Flagship schemes to receive funding this year are based in Derbyshire, Hampshire, Lancashire, Dorset, Yorkshire and Suffolk.
Newspage asked brokers how big an issue flooding is for the UK’s homeowners.
What’s their advice to people considering buying in areas prone to flooding and how do lenders tend to approach properties in high-risk areas? Their views can be found below.
Derby Flood Risk Management Scheme in Derbyshire, which will receive £34.6 million and protect 673 homes.
North Portsea Island Coastal Flood and Erosion Risk Management Scheme in Hampshire, which will receive £13.8 million and protect 1,081 homes.
Preston and South Ribble Flood Risk Management Scheme in Lancashire, which will receive £10.4 million and protect 1,537 homes.
Poole Bridge to Hunger Hill Flood Defences in Dorset, which will receive £12.2 million and protect 135 homes.
Benacre and Kessingland Flood Risk Management Scheme in Suffolk, which will receive £10.1 million and protect 86 homes.
Brighouse Flood Alleviation Scheme in Yorkshire, which will receive £5 million and protect 414 homes.
Pete Mugleston, Mortgage Advisor & Managing Director at Online Mortgage Advisor said, “Flooding is a growing concern for UK homeowners, especially as extreme weather becomes more common.
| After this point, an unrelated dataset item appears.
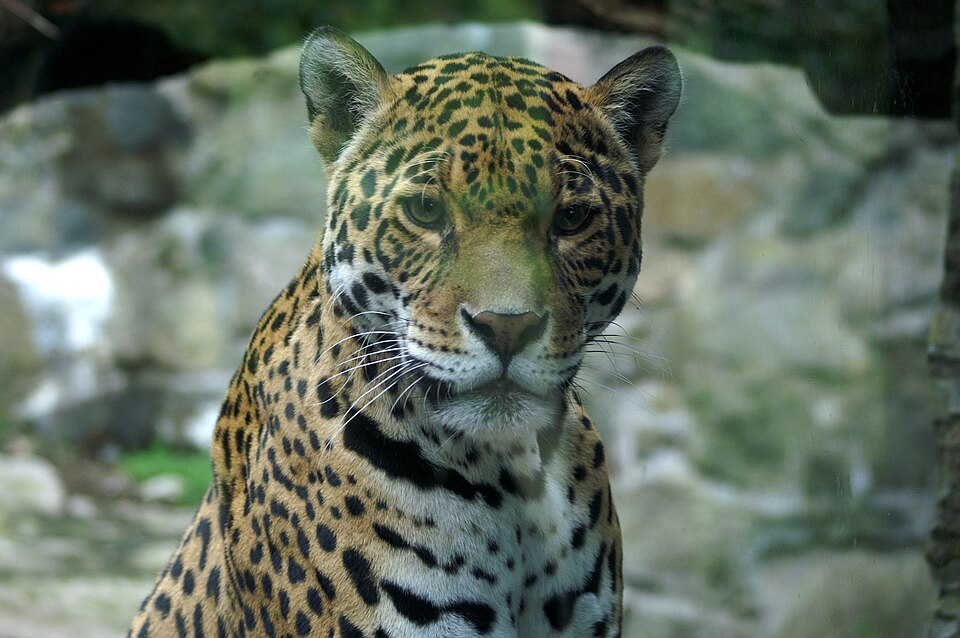 Edinburgh Zoo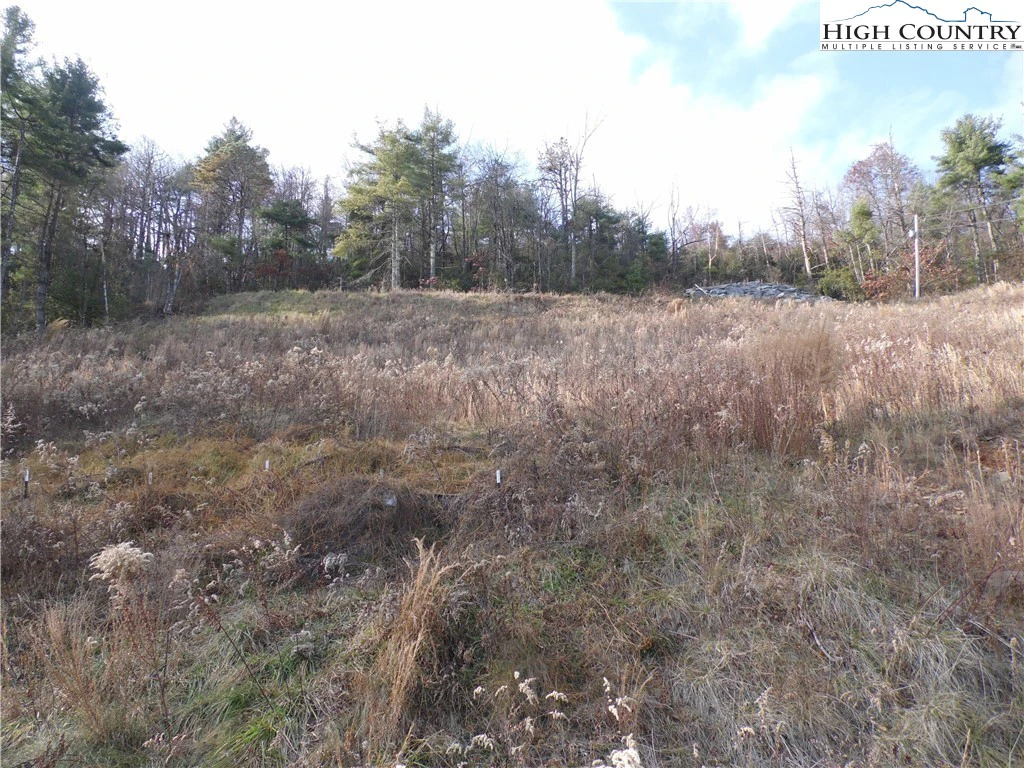 Image number 11 for the current listing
Government investment in defences is welcome, but buyers must still do their due diligence.
“If you’re considering a home in a flood-prone area, check the flood risk via the Environment Agency and speak to your solicitor early. Lenders may be cautious with high-risk properties – some may limit borrowing or require specialist insurance. Mortgage approvals can take longer, and premiums may be higher, so factor that into your budget.
“Always ensure you can get adequate cover before committing, and consider long-term resale implications as well.”
Stephen Perkins, Managing Director at Yellow Brick Mortgages said, “Some of these projects look like great investments for the long-term collective benefit. However, the Suffolk scheme looks a lot of money to safeguard just 86 homes for the same cost others are safeguarding over 1,000.
“Meanwhile new build sites continue to be built on flood plains and reclaimed land, which will likely mean a net increase in the number of houses at risk of flooding by the end of this parliment despite these plans.”
Riz Malik, Independent Financial Adviser at R3 Wealth added, “Unfortunately, the government is not flooded with ideas at present because this is not the way forward. Before we build on land that is prone to flooding, let’s see how we get on with the 1.5m promised homes when they eventually appear.”
Mike Staton, Director at Staton Mortgages said, “At a time when costs are ever increasing, buying a property in a high flood risk area will come with increased outgoings.
“It is also likely that specialist or niche lenders with higher rates will be your best option, and with higher flood risk comes higher insurance costs. All of these costs will quickly erode your disposable income.”